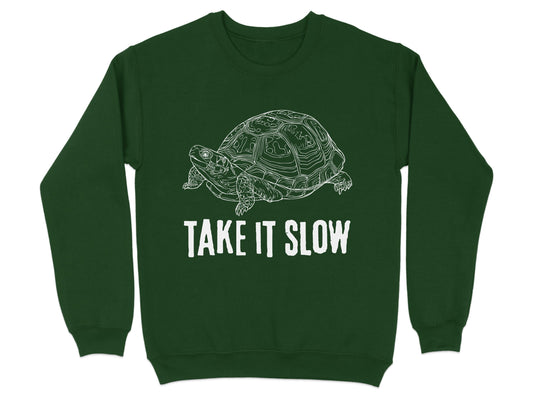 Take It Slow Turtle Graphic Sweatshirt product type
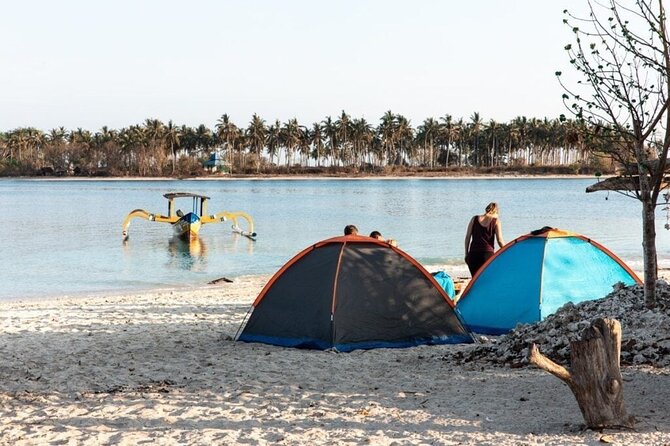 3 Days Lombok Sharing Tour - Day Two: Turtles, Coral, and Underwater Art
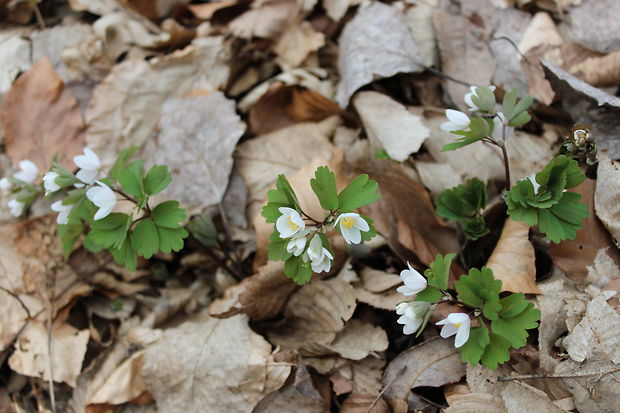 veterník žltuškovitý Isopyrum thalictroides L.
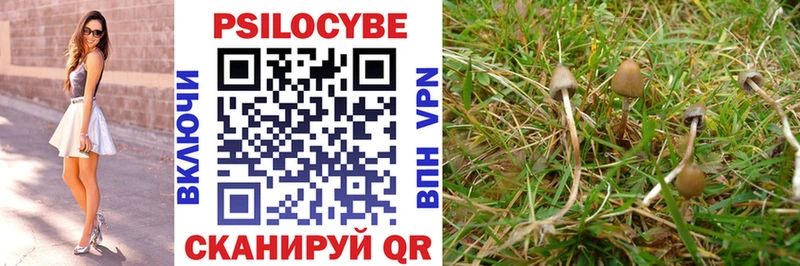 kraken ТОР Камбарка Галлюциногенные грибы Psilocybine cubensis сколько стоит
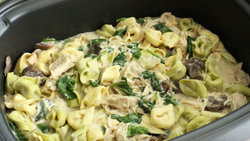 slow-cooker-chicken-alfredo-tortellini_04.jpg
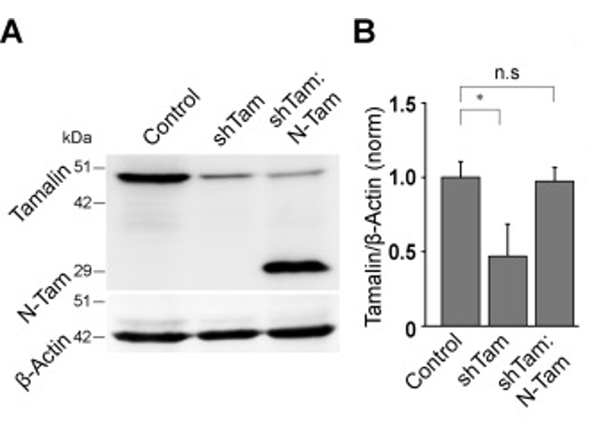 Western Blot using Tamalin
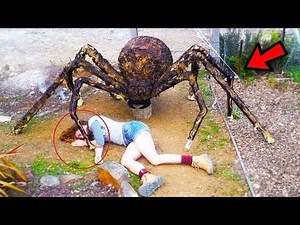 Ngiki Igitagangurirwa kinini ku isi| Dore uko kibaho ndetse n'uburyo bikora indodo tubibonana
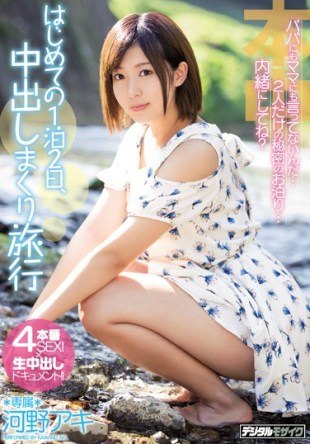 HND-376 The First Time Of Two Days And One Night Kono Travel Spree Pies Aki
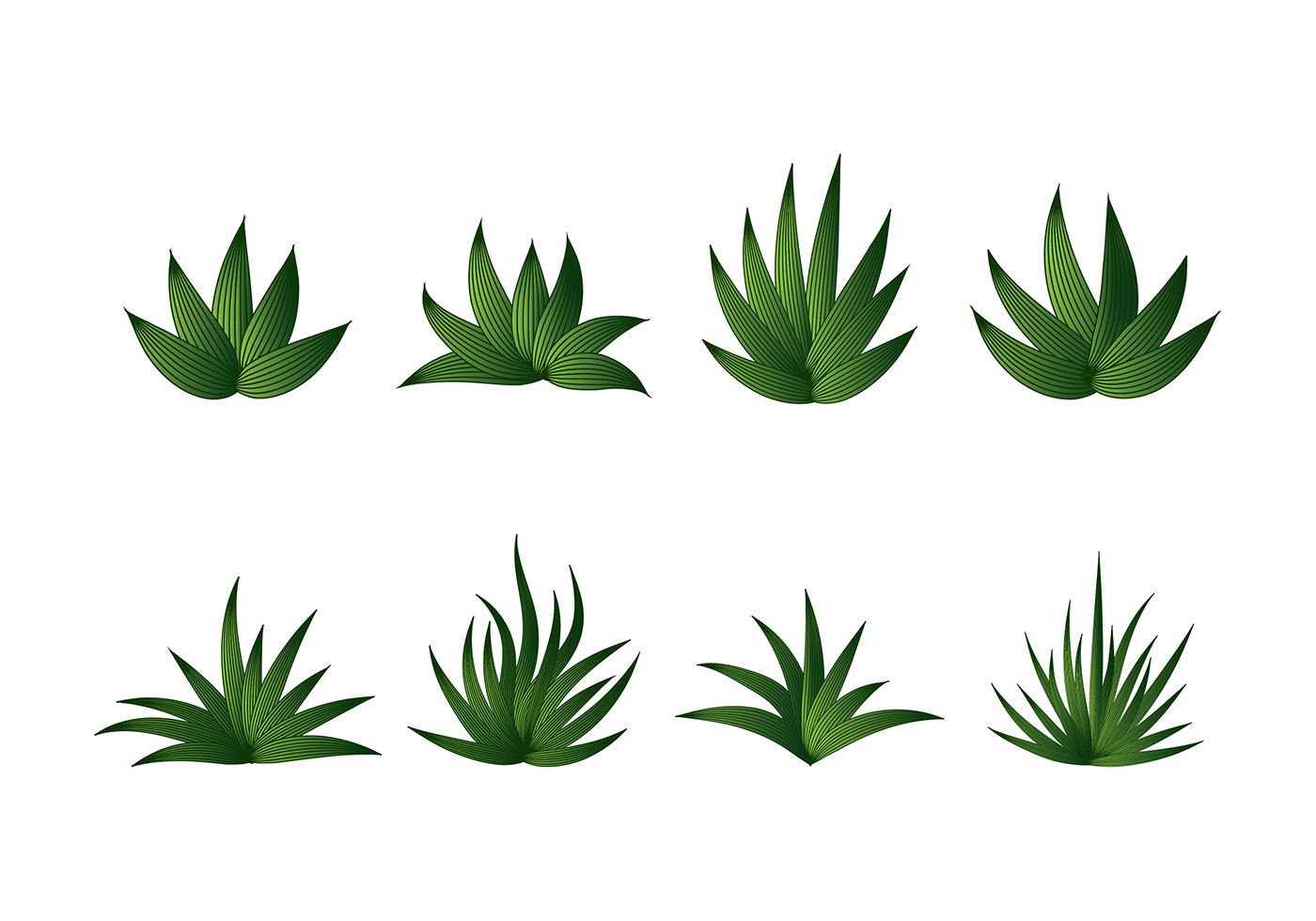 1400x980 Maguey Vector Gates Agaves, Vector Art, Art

----------------------------------------

> [Work task] Go through the lines above and write each one out verbatim, skipping the pictures.

> [Response to the task]
 Take It Slow Turtle Graphic Sweatshirt product type
 3 Days Lombok Sharing Tour - Day Two: Turtles, Coral, and Underwater Art
 veterník žltuškovitý Isopyrum thalictroides L.
 kraken ТОР Камбарка Галлюциногенные грибы Psilocybine cubensis сколько стоит
 slow-cooker-chicken-alfredo-tortellini_04.jpg
 Western Blot using Tamalin
 Ngiki Igitagangurirwa kinini ku isi| Dore uko kibaho ndetse n'uburyo bikora indodo tubibonana
 HND-376 The First Time Of Two Days And One Night Kono Travel Spree Pies Aki
 1400x980 Maguey Vector Gates Agaves, Vector Art, Art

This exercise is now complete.